What to work on
Restate the data below word for word. Leave the images out.

Records for this task
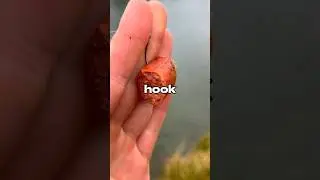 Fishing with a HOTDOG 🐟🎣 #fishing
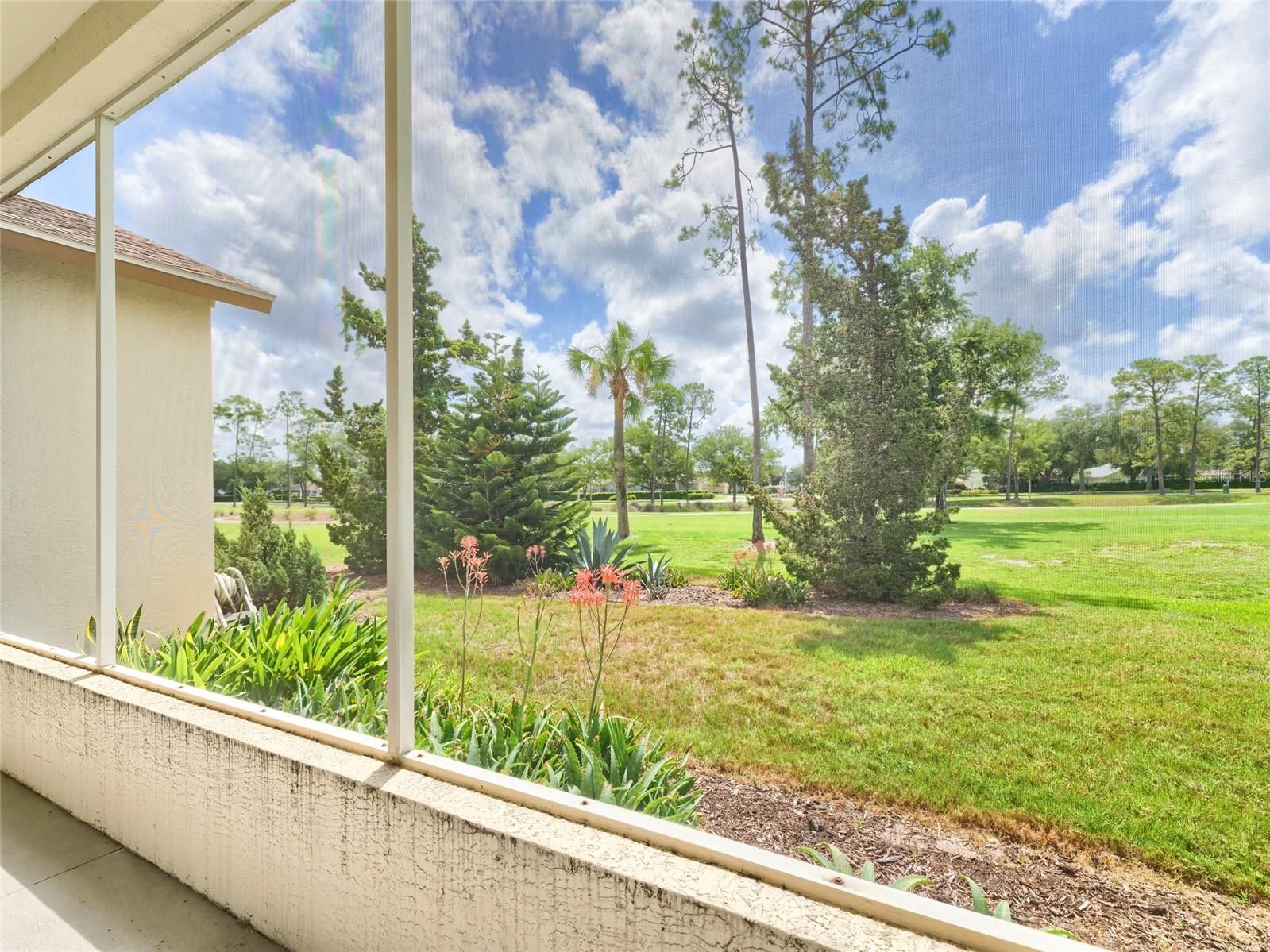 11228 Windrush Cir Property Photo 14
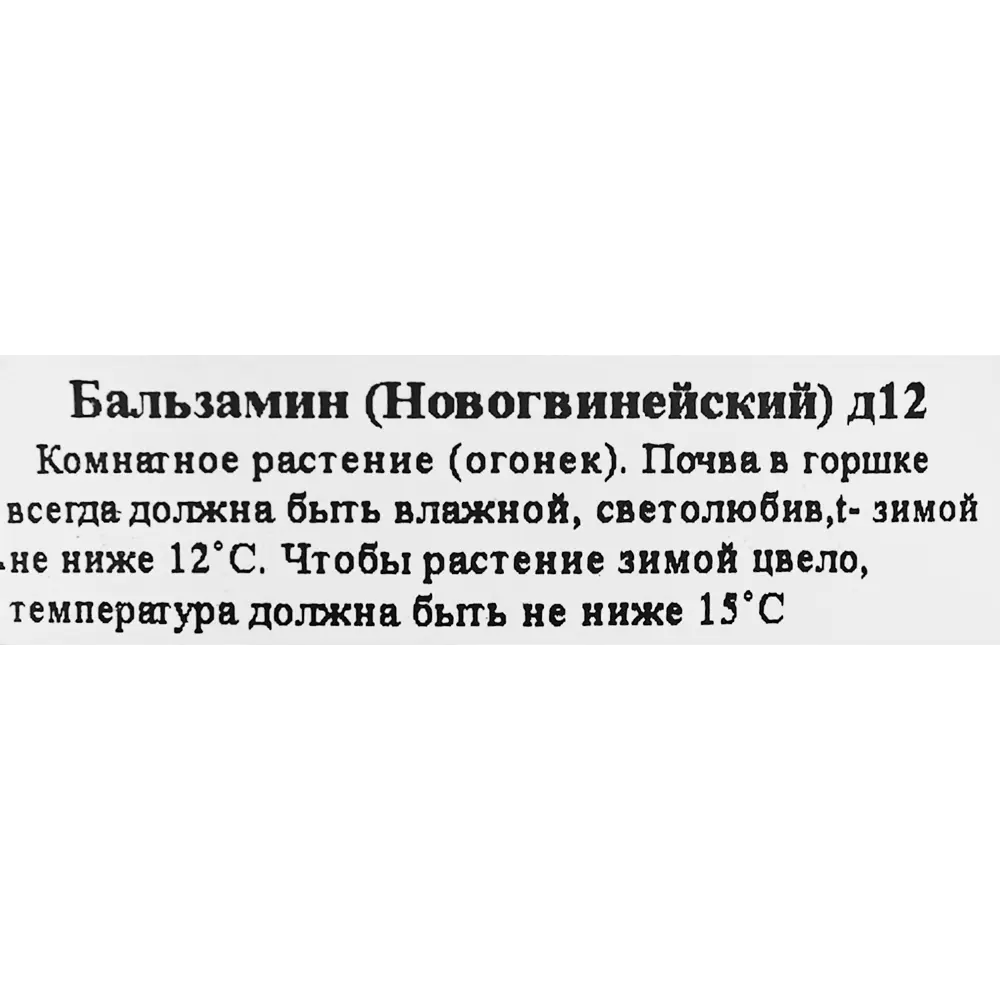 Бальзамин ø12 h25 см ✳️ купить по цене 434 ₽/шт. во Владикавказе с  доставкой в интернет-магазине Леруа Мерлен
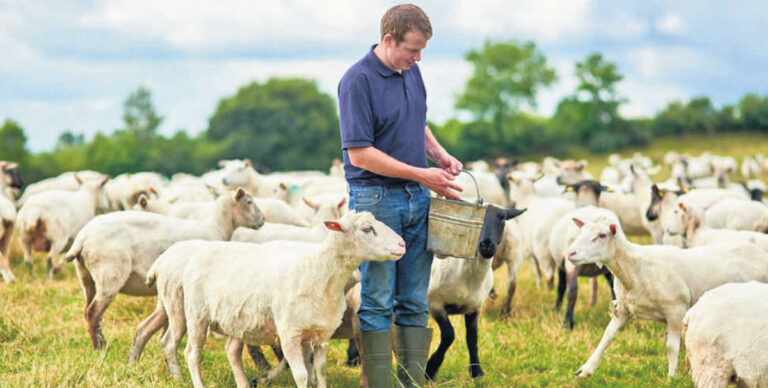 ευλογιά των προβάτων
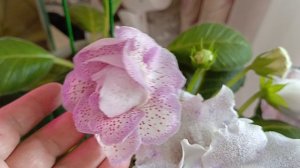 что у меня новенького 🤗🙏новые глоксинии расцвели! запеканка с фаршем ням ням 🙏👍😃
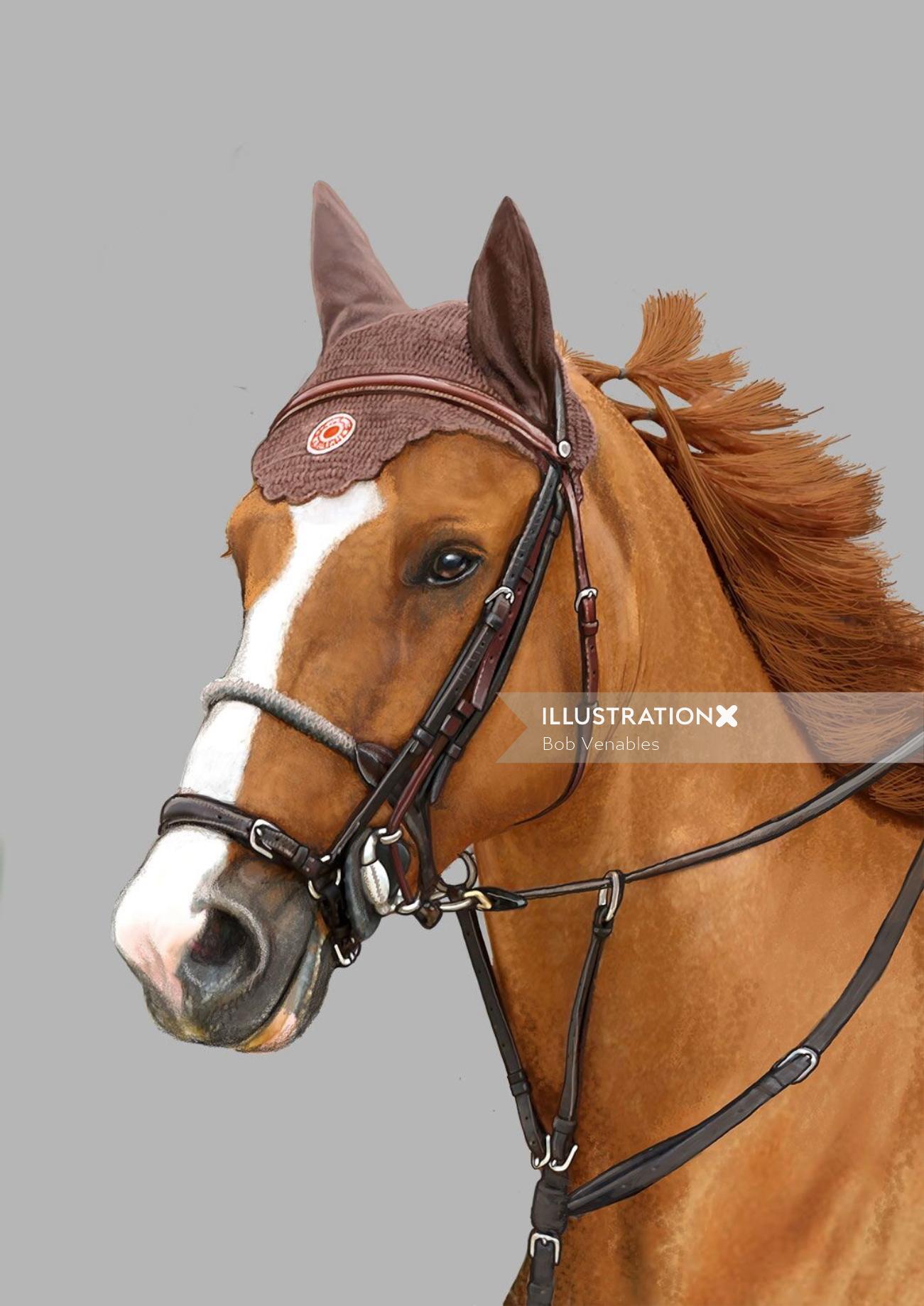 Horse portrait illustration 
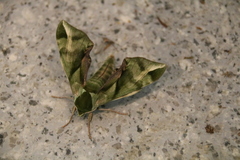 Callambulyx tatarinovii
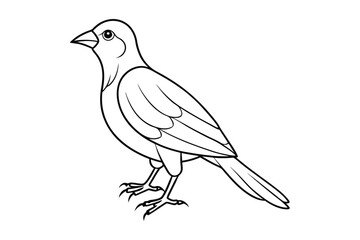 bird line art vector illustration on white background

Result for this task
 Fishing with a HOTDOG 🐟🎣 #fishing
 11228 Windrush Cir Property Photo 14
 Бальзамин ø12 h25 см ✳️ купить по цене 434 ₽/шт. во Владикавказе с  доставкой в интернет-магазине Леруа Мерлен
 ευλογιά των προβάτων
 что у меня новенького 🤗🙏новые глоксинии расцвели! запеканка с фаршем ням ням 🙏👍😃
 Horse portrait illustration 
 Callambulyx tatarinovii
 bird line art vector illustration on white background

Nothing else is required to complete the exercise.